Here’s another sidebar to my recent “introduction to the Fathers” article published in Our Sunday Visitor newspaper. I’ve posted the main body of the article in halves, Part 1 and Part 2, plus the first sidebar. I have more to say about the “Mothers of the Church” in the expanded edition of my book The Fathers of the Church.
Were there “Mothers of the Church”? Well, yes and no.
We possess very few writings by women from the ancient world. Christian women are probably slightly better represented than their pagan counterparts. The many collections of Sayings of the Desert Fathers actually include proverbs by women ascetics, who are called “Amma,” or “Mother.”
St.
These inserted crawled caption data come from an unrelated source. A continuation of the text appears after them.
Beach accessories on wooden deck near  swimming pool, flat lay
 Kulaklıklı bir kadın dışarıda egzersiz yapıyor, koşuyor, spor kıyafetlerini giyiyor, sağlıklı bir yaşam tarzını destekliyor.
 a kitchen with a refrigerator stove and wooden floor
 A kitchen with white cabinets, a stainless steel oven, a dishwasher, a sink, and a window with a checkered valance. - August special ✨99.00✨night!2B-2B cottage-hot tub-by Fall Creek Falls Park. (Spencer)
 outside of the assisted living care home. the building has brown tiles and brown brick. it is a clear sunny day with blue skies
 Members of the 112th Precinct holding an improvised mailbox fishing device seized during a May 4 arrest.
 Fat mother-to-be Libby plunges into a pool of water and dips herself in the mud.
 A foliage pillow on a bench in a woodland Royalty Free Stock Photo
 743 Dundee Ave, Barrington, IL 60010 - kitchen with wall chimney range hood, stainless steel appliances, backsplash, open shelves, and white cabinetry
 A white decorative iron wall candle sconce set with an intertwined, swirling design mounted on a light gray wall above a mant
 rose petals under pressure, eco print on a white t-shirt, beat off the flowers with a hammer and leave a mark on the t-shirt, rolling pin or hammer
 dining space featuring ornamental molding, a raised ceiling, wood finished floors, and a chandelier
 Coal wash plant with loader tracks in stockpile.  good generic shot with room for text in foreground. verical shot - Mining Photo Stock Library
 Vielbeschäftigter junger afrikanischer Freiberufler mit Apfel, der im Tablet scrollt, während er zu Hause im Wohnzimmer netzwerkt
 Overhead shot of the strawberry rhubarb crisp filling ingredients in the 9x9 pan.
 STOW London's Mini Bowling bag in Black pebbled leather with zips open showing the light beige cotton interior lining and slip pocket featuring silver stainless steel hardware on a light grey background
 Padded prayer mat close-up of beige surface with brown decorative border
John Chrysostom (fifth century) carried on extensive correspondence with an abbess named Olympias, but her letters have not survived. His contemporary St. Jerome corresponded with many holy and scholarly women; but, again, we have mostly Jerome’s end of the conversation. Tertullian has preserved the words of the martyrs Perpetua and Felicity. In the late fourth century, St. Gregory of Nyssa wrote a profoundly moving biography of his sister St. Macrina. Around the same time, Egeria, a nun from Gaul, took a pilgrimage to the Holy Land and wrote it up for her convent back home.
Their contemporaries honored these women as maternal figures. The Church has always honored them as saints. There is no custom of calling them “Mothers of the Church,” but there is no reason why individual Christians might not revere them as such.